And that's particularly disappointing for Coburn, who found a calling of sorts in DVLP.

"Growing up," he says, "I was always more of a classical artist. I went to school for business, but I wanted to start a creative company and do something that would be fun and eventually profitable, and I was always interested in fashion. So we kind of started as a side project, making some shirts and sweatshirts." The company, then based in Durango, where Coburn was going to school, quickly gained a loyal following, and within a couple of years, DVLP was a presence at trade shows. In 2007, he moved the outfit to Denver and started expanding, everything from the clothing line to the distribution to the volume of output.

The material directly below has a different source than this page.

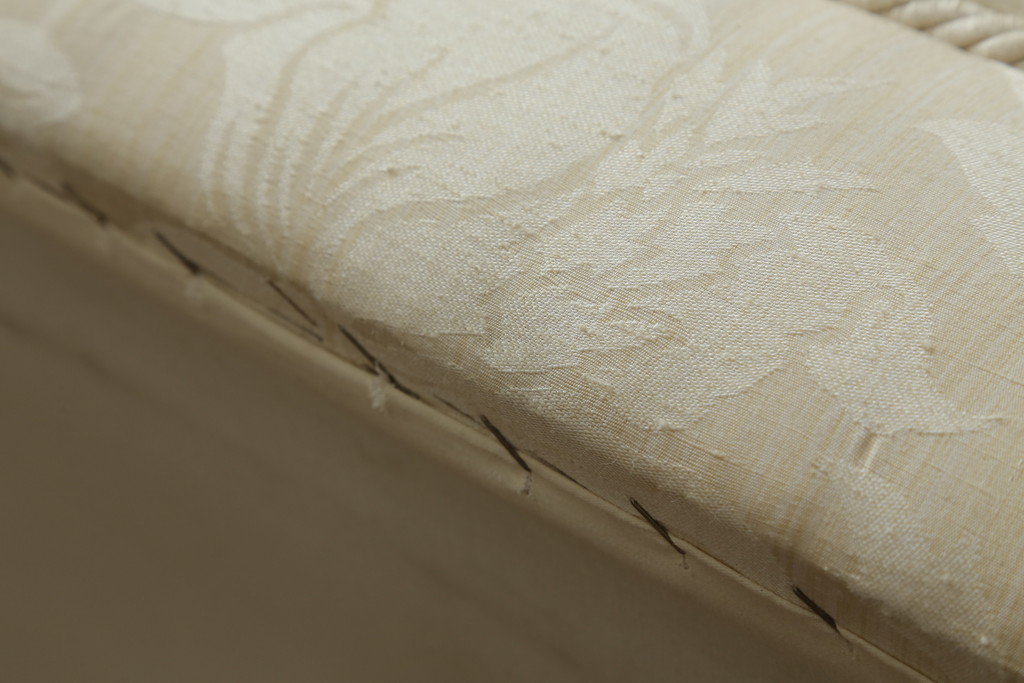 中古　展示品　超美品　最高級!　サァラ麻布取り扱い　bedding　POLTRONA　エレガントな1人掛けソファ(定価約110万円)(R-055252)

Unfortunately, that expansion happened to coincide with a major economic recession. "We started a bunch of new accounts, the economy crashed, and we were just one of those brands that was on the bubble," Coburn laments. "We were close to making it really big, but not quite a stable investment, so when the economy went, we just had a bunch of people stop putting in orders and go with the big brands, had a lot of shops go under -- some of them owing us a lot of money. We were working on some new sustainable fabrics and a new vision, but three weeks ago we had a quarter-million-dollar investor pull out.

"The debt was just too daunting," he concludes.

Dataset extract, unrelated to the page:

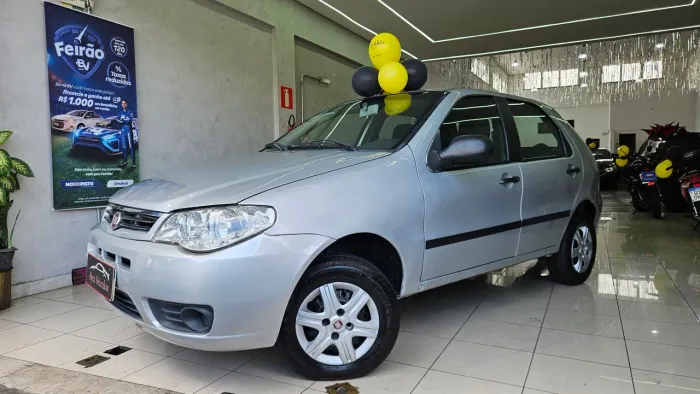 Fiat Palio Celebration 1.0 Fire Flex 8V 4P 2015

Currently, DVLP has moved out of its offices and will soon close its shop, and for the next couple of months the company will be liquidating its inventory, continuing to sell online and with other retailers at deeply discounted rates -- as in, like, 70 percent or more discounted. But Coburn assures us that it's not the last folks will see of DVLP. In the immediate future, the brand is collaborating with Falling Whistles, a group devoted to "whistleblowing" atrocities in the Congo, for a show and festival on March 26 -- stay tuned for more details on that.

And Coburn says that when the dust of closing down an international business settles, he plans to keep following the dream. "At some point, if the time is right," he says, "I'm hoping to re-release DVLP; otherwise, I'll take my experience of what worked well and the values of the company and try to start something new."